Short descriptive text snippets:
-*-

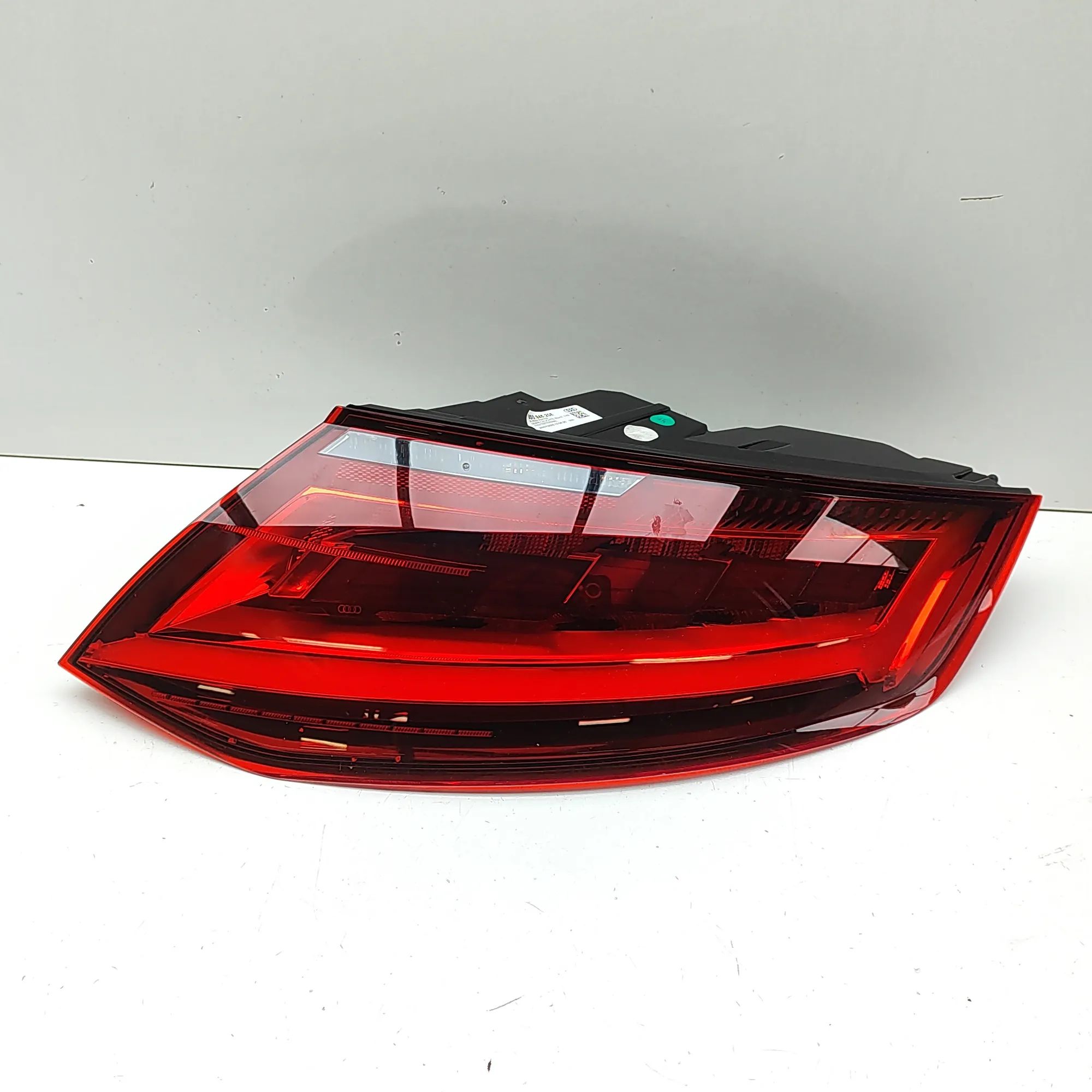 Audi TT (8S) Rear Right Tail Light 8S0945208 Rear Right Tail Light AUDI TT (FV3) (...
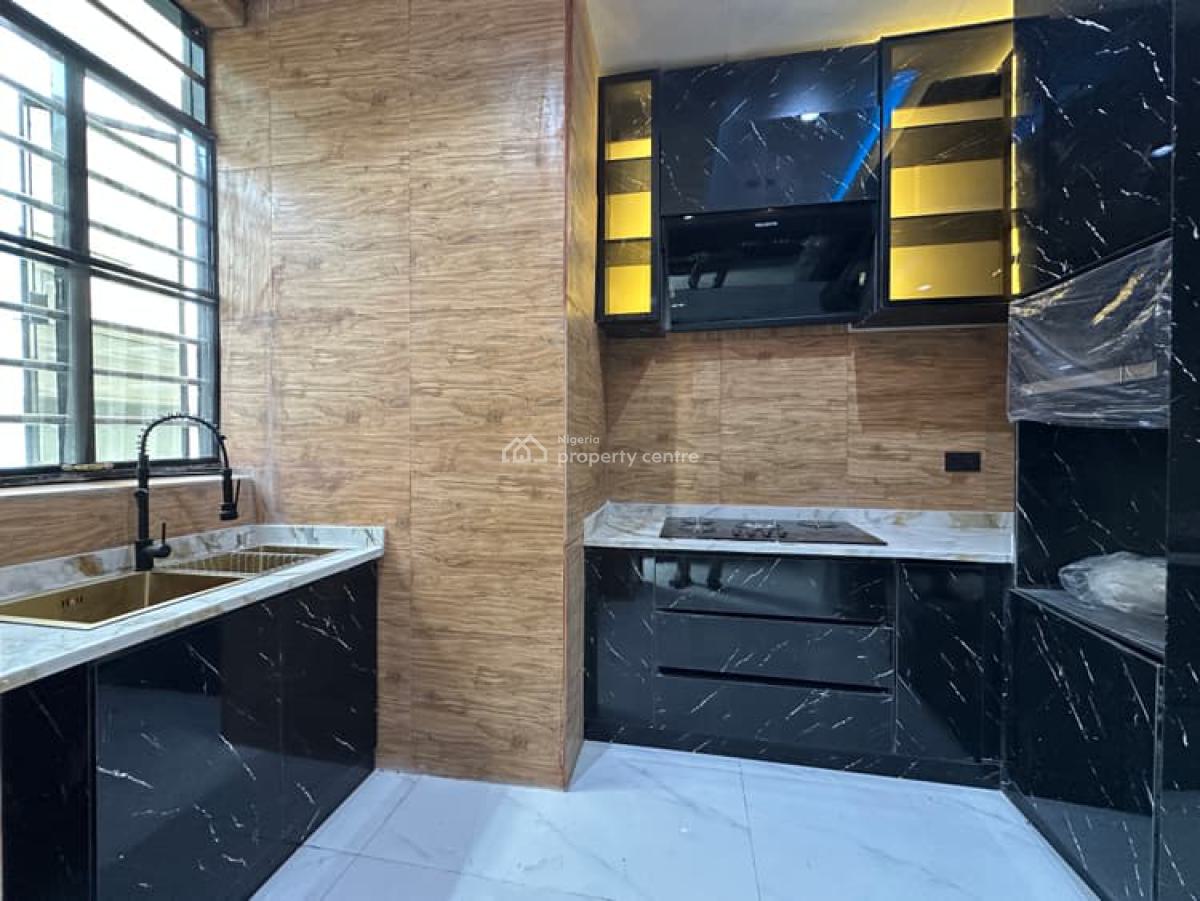 Well Finished 3 Bedroom Apartments, Lekki Phase 1, Lekki, Lagos, Flat / Apartment for Sale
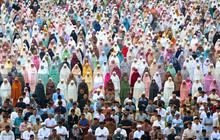 FOTO: Antusias Warga Bogor Ikuti Shalat Idul Fitri di Stadion Pakansari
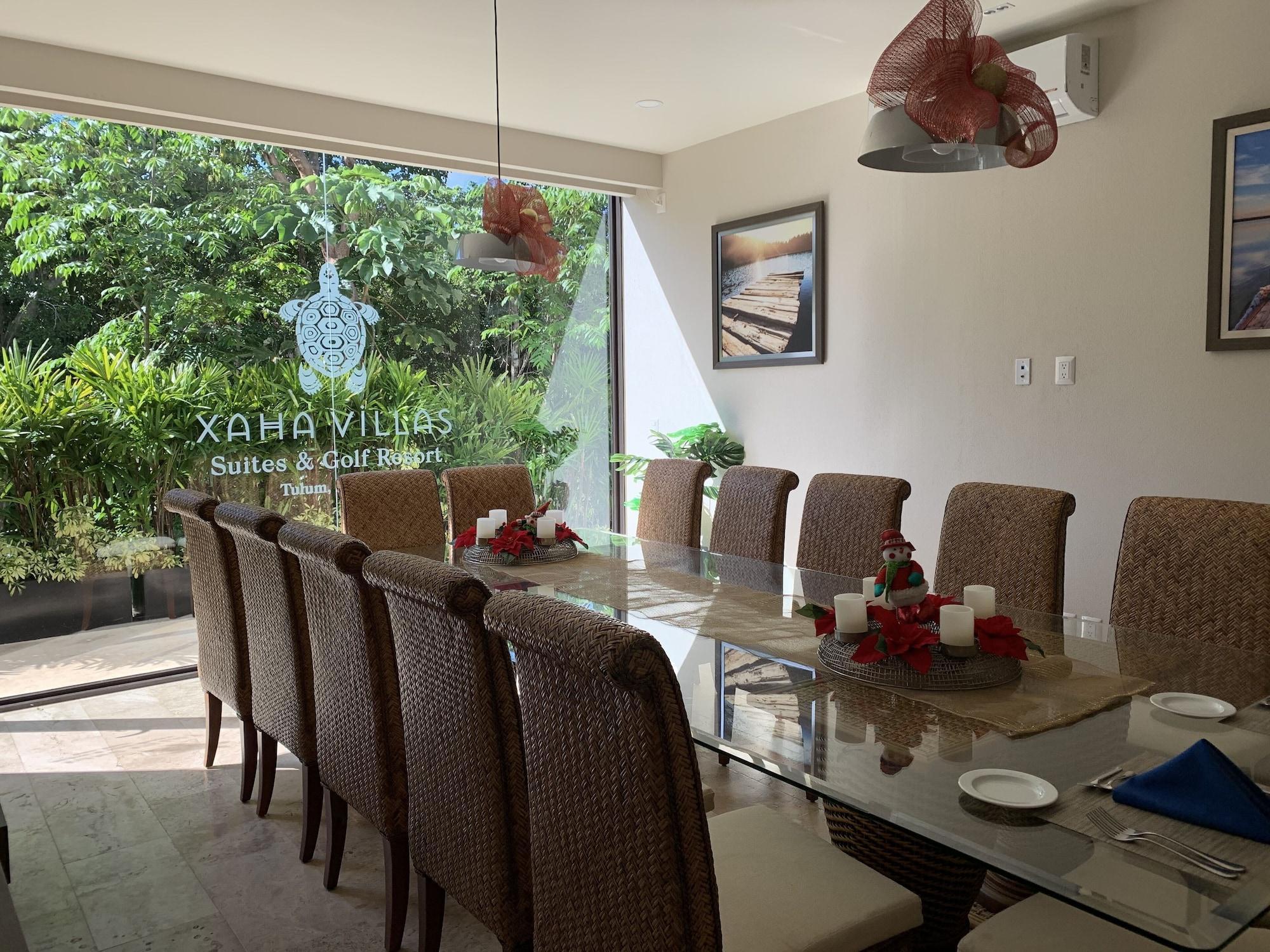 Restaurant Xaha Villas Suites & Golf Resort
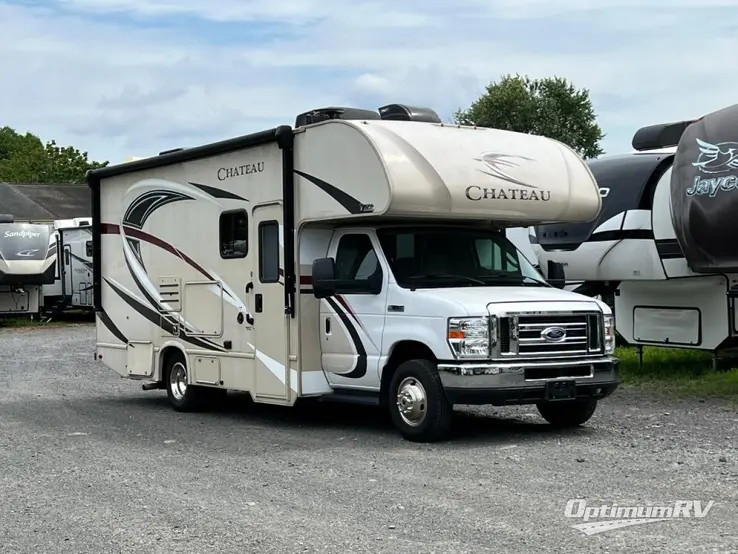 2018 Thor Chateau 24F RV Photo 1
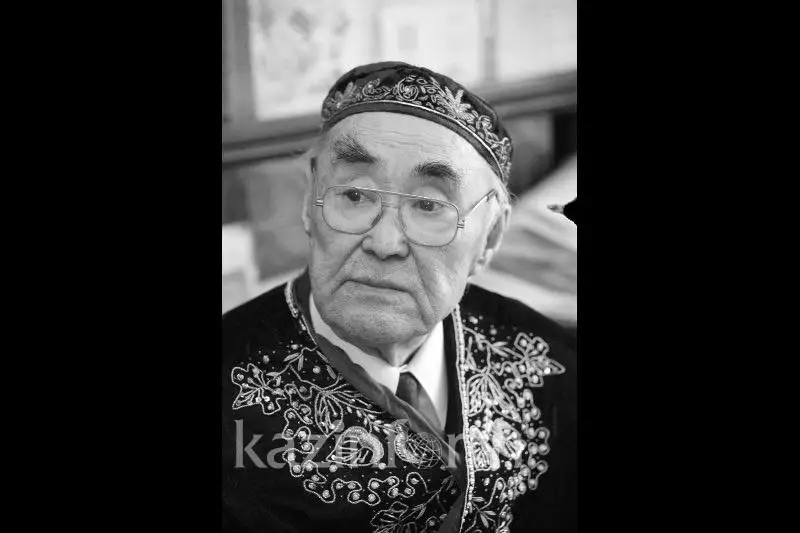 Қазақтың көрнекті ақыны  Мұзафар Әлімбаев өмірден озды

-*-

▶ [Task prompt]:
In your reply, please set down exactly the lines from the one containing "Well Finished 3" through the end of the records, with the pictures left out.

▶ [Result of this task]:
 Well Finished 3 Bedroom Apartments, Lekki Phase 1, Lekki, Lagos, Flat / Apartment for Sale
 FOTO: Antusias Warga Bogor Ikuti Shalat Idul Fitri di Stadion Pakansari
 Restaurant Xaha Villas Suites & Golf Resort
 2018 Thor Chateau 24F RV Photo 1
 Қазақтың көрнекті ақыны  Мұзафар Әлімбаев өмірден озды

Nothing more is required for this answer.